Tra queste ipotesi, la citata sentenza, fa rientrare espressamente i casi in cui, con l’atto di appello, sia fatto valere lo ius superveniens o siano fatti valere fatti sopravvenuti alla sentenza di primo grado, trattandosi di questioni che detta sentenza per motivi cronologici non ha potuto valutare e devono quindi essere esaminate e valutate in secondo grado, senza poter addivenire ad una pronuncia di inammissibilità dell’appello ex artt. 348 bis o 348 ter c.p.c., che finirebbe per confermare una sentenza di primo grado che quelle questioni non ha affrontato, né poteva affrontare.

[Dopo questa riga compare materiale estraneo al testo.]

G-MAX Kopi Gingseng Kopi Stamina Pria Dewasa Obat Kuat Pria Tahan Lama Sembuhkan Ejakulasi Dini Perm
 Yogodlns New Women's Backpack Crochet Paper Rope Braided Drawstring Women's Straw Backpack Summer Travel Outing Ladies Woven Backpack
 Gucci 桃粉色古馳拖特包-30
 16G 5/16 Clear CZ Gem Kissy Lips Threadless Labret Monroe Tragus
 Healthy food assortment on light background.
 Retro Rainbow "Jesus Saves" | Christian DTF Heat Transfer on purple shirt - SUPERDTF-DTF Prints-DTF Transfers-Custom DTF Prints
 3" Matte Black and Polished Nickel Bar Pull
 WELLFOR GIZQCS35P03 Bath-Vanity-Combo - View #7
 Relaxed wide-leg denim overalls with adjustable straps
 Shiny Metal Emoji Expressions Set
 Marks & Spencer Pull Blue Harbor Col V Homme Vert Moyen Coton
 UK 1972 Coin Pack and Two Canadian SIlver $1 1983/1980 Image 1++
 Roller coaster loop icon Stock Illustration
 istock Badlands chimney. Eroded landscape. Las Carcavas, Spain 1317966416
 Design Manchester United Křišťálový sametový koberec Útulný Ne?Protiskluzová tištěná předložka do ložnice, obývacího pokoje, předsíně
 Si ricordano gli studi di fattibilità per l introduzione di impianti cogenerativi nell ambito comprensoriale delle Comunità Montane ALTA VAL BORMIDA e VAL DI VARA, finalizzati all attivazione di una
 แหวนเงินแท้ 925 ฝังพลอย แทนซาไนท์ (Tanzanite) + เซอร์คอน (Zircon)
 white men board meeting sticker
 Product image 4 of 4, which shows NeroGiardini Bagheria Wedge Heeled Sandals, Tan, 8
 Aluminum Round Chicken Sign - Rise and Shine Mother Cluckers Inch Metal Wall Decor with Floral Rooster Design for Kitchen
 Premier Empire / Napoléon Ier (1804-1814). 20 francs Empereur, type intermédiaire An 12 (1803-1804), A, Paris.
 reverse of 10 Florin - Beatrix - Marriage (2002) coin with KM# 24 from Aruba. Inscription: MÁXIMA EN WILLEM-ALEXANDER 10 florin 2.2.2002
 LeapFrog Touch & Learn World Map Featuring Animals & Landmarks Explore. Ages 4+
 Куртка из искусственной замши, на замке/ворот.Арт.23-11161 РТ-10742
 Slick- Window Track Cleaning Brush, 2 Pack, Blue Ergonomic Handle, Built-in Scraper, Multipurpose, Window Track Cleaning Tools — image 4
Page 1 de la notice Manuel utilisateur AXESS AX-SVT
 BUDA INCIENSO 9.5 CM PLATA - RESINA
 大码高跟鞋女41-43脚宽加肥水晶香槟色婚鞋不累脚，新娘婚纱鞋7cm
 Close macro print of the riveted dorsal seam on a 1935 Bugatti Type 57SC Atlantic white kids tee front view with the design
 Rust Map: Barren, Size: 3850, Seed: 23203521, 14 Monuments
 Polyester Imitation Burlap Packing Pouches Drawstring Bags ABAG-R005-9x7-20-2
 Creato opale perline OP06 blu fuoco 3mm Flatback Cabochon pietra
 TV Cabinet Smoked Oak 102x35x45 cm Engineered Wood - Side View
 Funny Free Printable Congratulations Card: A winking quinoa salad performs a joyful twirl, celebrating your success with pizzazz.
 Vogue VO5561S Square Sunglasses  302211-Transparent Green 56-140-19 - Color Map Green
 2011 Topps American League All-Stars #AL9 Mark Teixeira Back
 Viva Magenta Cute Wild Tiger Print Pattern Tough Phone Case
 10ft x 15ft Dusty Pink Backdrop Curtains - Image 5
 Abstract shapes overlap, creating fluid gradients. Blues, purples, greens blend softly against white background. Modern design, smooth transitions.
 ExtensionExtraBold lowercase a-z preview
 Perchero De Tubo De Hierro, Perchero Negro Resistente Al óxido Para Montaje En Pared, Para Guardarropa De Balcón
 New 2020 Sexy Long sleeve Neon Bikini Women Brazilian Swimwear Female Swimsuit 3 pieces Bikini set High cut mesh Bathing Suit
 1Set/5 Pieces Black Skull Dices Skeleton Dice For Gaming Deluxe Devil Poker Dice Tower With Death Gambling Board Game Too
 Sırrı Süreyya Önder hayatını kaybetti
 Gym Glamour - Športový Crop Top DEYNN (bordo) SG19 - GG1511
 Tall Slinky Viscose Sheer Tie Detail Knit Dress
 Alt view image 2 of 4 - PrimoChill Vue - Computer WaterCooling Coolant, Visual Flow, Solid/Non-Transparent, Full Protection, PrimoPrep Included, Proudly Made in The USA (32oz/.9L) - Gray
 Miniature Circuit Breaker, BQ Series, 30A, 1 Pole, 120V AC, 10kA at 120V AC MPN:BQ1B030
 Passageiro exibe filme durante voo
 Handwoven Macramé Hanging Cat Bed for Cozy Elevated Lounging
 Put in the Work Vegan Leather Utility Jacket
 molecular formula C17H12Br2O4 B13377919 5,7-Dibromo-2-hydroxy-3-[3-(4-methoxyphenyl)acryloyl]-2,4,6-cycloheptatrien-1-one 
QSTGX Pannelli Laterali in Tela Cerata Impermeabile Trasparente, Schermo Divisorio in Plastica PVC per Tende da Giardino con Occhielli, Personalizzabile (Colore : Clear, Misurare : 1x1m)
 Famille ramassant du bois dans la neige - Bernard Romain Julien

Nel caso di specie COGNOME NOME con l’atto di appello aveva prodotto il dispositivo della sentenza penale della Corte d’Appello di Bologna, che aveva confermato la condanna di primo grado di COGNOME NOME per il reato di esercizio arbitrario delle proprie ragioni putative mediante violenza, ed il giorno prima dell’udienza ex art. 350 c.p.c. del 26.3.2019, ha depositato telematicamente la suddetta sentenza penale della Corte d’Appello di Bologna n.5432/2018 del 21.12.2018, contenente in motivazione anche un riferimento al rapporto di incarico professionale tra COGNOME NOME e COGNOME NOME, ma l’impugnata ordinanza ex art. 348 bis c.p.p.
ha dichiarato l’inammissibilità dell’appello senza spendere una parola sull’ammissibilità, o meno, di tali produzioni documentali, e sulla loro rilevanza, ignorando totalmente la suindicata sentenza, alla quale l’appellante aveva attribuito importanza decisiva, producendo poi, nel corso di questo giudizio, con la memoria ex art. 380 bis.1 c.p.c. del 5.12.2024, anche la sopravvenuta ordinanza della Corte di Cassazione penale n. 30295/2019 del 13.6.2019, che ha dichiarato inammissibile il ricorso ordinario del COGNOME contro la menzionata sentenza penale di condanna della Corte d’Appello di Bologna, e la sopravvenuta sentenza della Corte di Cassazione penale n. 20479/2020 del 4.3.2020, che ha dichiarato inammissibile il ricorso straordinario ex art. 625 bis c.p.p. del COGNOME contro l’ordinanza di questa Corte del 13.6.2019. L’ordinanza della Corte d’Appello di Bologna ex art. 348 bis c.p.c. del 5.4.2019 va quindi cassata, con rinvio alla Corte d’Appello di Bologna in diversa composizione, che dovrà decidere sull’appello già proposto da COGNOME NOME contro la sentenza del Tribunale di Modena n. 1847/2018 dell’8/9.11.2018, valutando preliminarmente l’ammissibilità e la rilevanza dei documenti relativi a fatti sopravvenuti al giudizio di primo grado prodotti da COGNOME NOME e che provvederà anche per le spese del giudizio di legittimità e del primo giudizio di appello.
L’accoglimento del quinto motivo di ricorso fa ritenere assorbiti i primi quattro motivi, riguardanti la sentenza di primo grado.
P.Q.M.
La Corte di Cassazione accoglie il quinto motivo del ricorso di COGNOME NOME, assorbiti i primi quattro motivi, cassa l’impugnata ordinanza ex art. 348 bis c.p.c. emessa dalla Corte d’Appello di Bologna il 5.4.2019 in relazione al motivo accolto, e rinvia alla
Corte d’Appello di Bologna in diversa composizione, che provvederà anche per le spese del giudizio di legittimità.